We explore Psalm 8 in this study both from the perspective of the psalmist musing on the greatest of God as revealed in His creation and yet having such concern and granting such exaltation to mankind and from the perspective of Christians awestruck at the wonder of what God is doing in Christianity through Jesus and the hypostatic union. We discussed the danger the power God wishes to give us poses and the need for conversion to be prepared to receive such power. We also look at some of the ways the New Testament writers used this psalm and saw it as prophetic.
We began tonight's study with an outline of the rankings of liturgical days: Solemnities, Feasts, and Obligatory and Optional Memorials.

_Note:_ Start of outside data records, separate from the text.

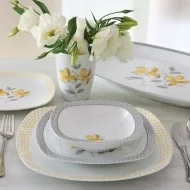 سرویس چینی زرین والنسیا زرد 6 نفره 27 پارچه کواترو درجه یک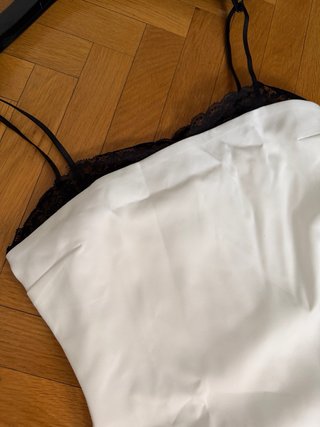 Vestido blanco con encaje negro Talla M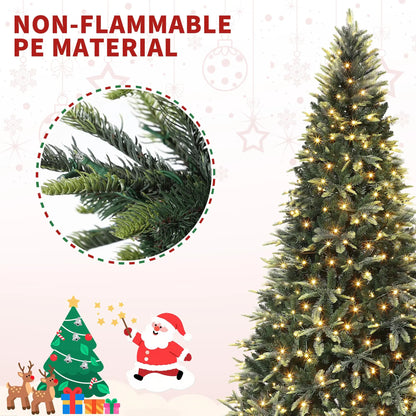 6.5ft Christmas Tree, Artificial Christmas Tree with 300 Warm White Lights, PE & PVC Xmas Tree with Thickened Branch Tips, Easy Assembly for Home Office Party, Green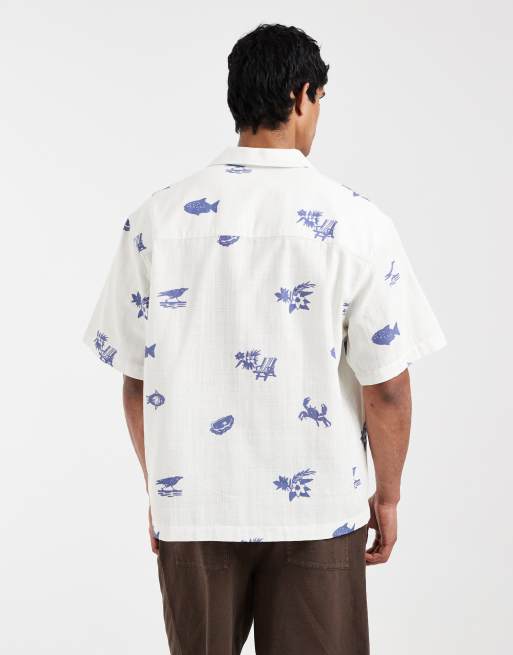 ASOS DESIGN – Naturvit skjorta i oversized fit med heltäckande mönster, 5 av 5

We continued with the burst of praise that is Psalm 113. We explained the meaning of the word Hallelujah and the reasons behind the different spellings and pronunciations. We looked at its cultural context amidst the return from the Babylonian exile and its praise of a God who is both transcendent and immanent. Finally, we discussed how a Jewish and Christian understanding of the reference the barren woman bringing forth children might be different.
We conclude with another explosion of praise — Psalm 147:12-20. We explain why the Divine Office starts in the middle of the psalm and its context around the rebuilding of the wall of Jerusalem with several references to the Book of Nehemiah. We end in appreciation of how what God is doing in Christianity is different than any other religion and how that is a source of our praise.